Hi,

On Tue, Nov 04, 2014 at 08:15:32AM -0500, Jason Grout wrote:
> 
> I agree with both of you.  Given that a significant part of this
> article dwelt on the closed-source bug-reporting frustration, it
> might be even more interesting if the user was taken through an
> actual bug found in Sage, and the bug-reporting and bug-fixing
> process was described, emphasizing the open approach and the role
> the authors could play. 

May i witness that claiming "Sage has bugs" in an oral presentation
about Sage usually has a good impact. Not hiding problems is an
important feature of free software and it is important to advocate it.

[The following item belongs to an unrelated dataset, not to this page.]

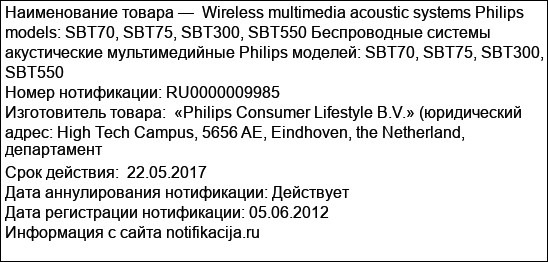 Wireless multimedia acoustic systems Philips models: SBT70, SBT75, SBT300, SBT550 Беспроводные системы акустические мультимедийные Philips моделей: SBT70, SBT75, SBT300, SBT550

Four years ago, i was asked to present Sage during a workshop about
analytic combinatorics. This community really feels locked with Maple
(on which their historical code depends) since most bug they report are
not fixed (and they can not fix themselves). I wanted to show the
resolution of a problem i had for my own research
http://trac.sagemath.org/ticket/10063 but during the presentation i
wanted to show a simple integral, so i picked a random one which turned
out to be clearly false http://trac.sagemath.org/ticket/10923 this was
somehow even greater since now when i meet someone from there, i can
show how it has been fixed (especially in this case it was about
discussing with upstream, thanks to kcrisman). They are still
Maple-addict but we are working on that ;)

More recently, i gave a talk about Sage in a lab where some people are
working on braid groups. In the train, i was preparing a slide about
that and fell into the bug which is now
http://trac.sagemath.org/ticket/16059 Instead of avoiding it, i showed
how the Cayley graph was looking like a tree, and discussed about bug
reporting. Now the bug is fixed and it is clear that i will introduce my
forthcoming seminar (not about Sage) there by showing the progress made
on this (as well as the remaining problem about general groups defined
with relations that still have inconsistent hash functions).

So, do not fear with improvising computations during demos, the blue
screen of death is a good way to ask for help in the assembly, speak
about free software, and so on, we are not just selling a product.